Stein scratched at the long scar by his eye. “Don’t say that kind of thing,” Stein told him in a voice that was low and serious and devoid of his usual ranting bravado. “It’s unfair here, but it’s unfair everywhere. That’s life all over the place. But if I didn’t come to this school, I wouldn’t know you. And we’re best friends.”
“What are you talking about? You fight back more than anybody!” Davidek was loud enough to make Sister Antonia shush them from across the room.
Both boys hunched behind their stacked books. “I’m not saying not to fight back,” Stein whispered. “I’m saying when they kick you, thank God because they just gave you a license to kick their asses back, and kicking asses is fun!” He flipped through the pages of a notebook. “This is your school, Davidek. Your life, your place in the world—a bunch of blank pages. You got to fill it up with what you want. So they say, ‘Do all this homework, you’re in suspension.’ But what do I do?” He slid the notebook across the table, and Davidek looked
at the pages Stein had been scribbling in all morning.
It was a collection of crude cartoons—Bromine eating a plate of turds, Bromine having sexual intercourse with a giraffe, Bromine snipping off Mankowski’s penis with a pair of scissors. “Your problem,” Stein told him, “is you don’t know how to be happy with your unhappiness.”
* * *
“So are you mad about the cigarettes?” It was day three of suspension, and it had taken Davidek that long to ask.
“Yeah, kind of,” Stein said. “Mad at myself, though. I should have done something like that.” This dislodged something Davidek had been trying to find a way to ask: “So what exactly is going on with you and Lorelei?”
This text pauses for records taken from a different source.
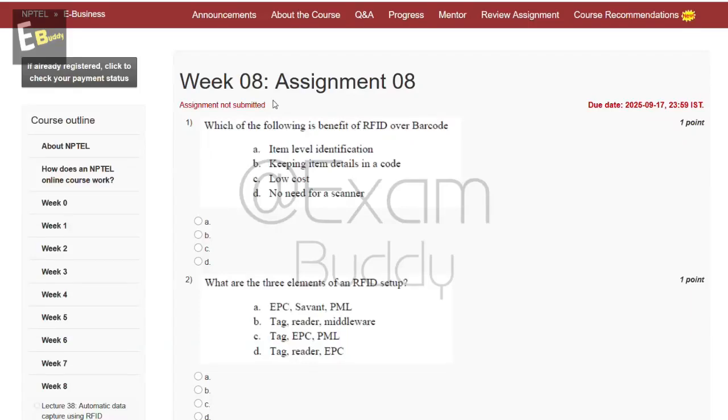Hello friends, welcome back to our channel Exam Buddy. Now let's do our assignment for e-business week 8, assignment 8.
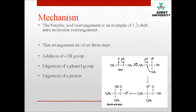Now let us see the mechanism of benzylic acid formation. The mechanism of benzylic acid rearrangement is an example of a 1,2-shift intramolecular rearrangement. This rearrangement involves three steps: first is addition of an OH group, second is migration of the phenyl group, and third is the migration of a proton.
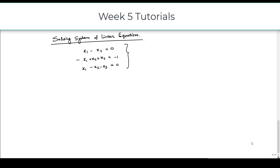Hello, let us consider another system of equations and try to solve that one. Here we are taking this system of linear equations: x1 minus x3 equal to 0, minus x1 plus x2 plus x3 equal to minus 1, x1 minus x2 minus x3 equal to 0.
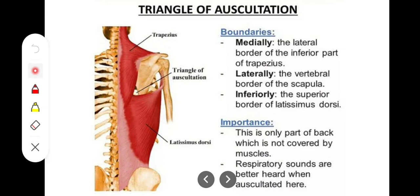The first one is the triangle of auscultation, which is present between these two muscles and the medial border of the scapula. Looking at the boundaries: it is bounded medially by the lateral border of the trapezius muscle, laterally by the medial border of the scapula, and inferiorly by the latissimus dorsi muscle. The floor consists of the sixth and seventh ribs, the sixth intercostal space, and part of the rhomboid major muscle.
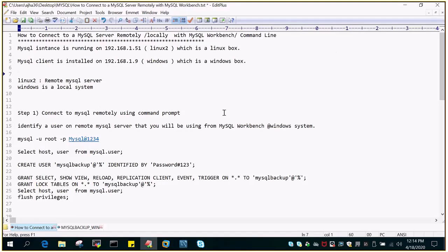Hello and welcome to eMultiSkills video tutorial. In this video tutorial we will see how to connect to a MySQL server 8.0 or any other version which is remotely installed on a server, and we have to connect with that either using the Workbench or the command line.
Stein looked up at him. “I guess I’d call it fate,” he said. “It feels like something that’s meant to happen, like it’s all planned out ahead of time. That’s how I felt when I saw Lorelei. She’s a perfect fit—like we’re puzzle pieces. It’s, like, destiny.”
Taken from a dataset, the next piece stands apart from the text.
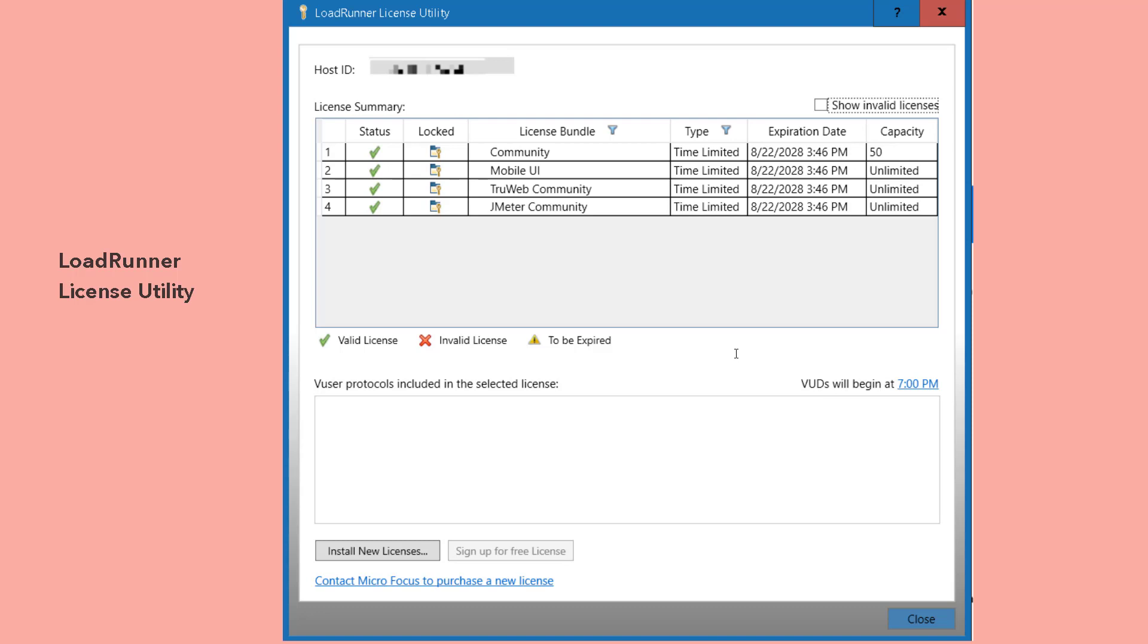If you want to install additional licenses, you can click on install new licenses button, and then you can install the additional licenses. At the top left, you can see host ID. Host ID is unique for your system. I have blurred it. There is a checkbox also, if you check the show invalid licenses, it will be listing out the invalid licenses.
Davidek laughed. “Okay, Darth Vader,” he said, sucking in breath and making his voice deep. “‘Join me, Lorelei! It is your dessss-tah-nee!’”
But Stein wasn’t laughing. “Maybe that sounds silly, but … it doesn’t to me. When I’m with her, she makes me feel like the bad stuff around us isn’t so bad. The world still sucks, but it’s better with her in it. Those first days of class, she kept asking if I knew any disabled students. She wanted to help somebody. That’s someone with a good heart. It’s easy to love.”
“Love, Stein? You guys haven’t even gone out to the movies yet. Do you really think you ‘love’ this girl?”
Stein looked at him blankly. “Don’t you?”
Davidek’s leg jiggled beneath the table. “No…,” he said. “I mean she’s cool and all. But we’re just friends. I’ve got my eye on someone else. Claudia.”
Stein nodded. “Right. The pretty redhead senior.”
“Yeah, I know it’s a long shot, but—”
“A guy’s got to have ambition,” Stein said flatly. “I wish you luck. There’s nobody better than you, if she’s smart enough to figure that out.”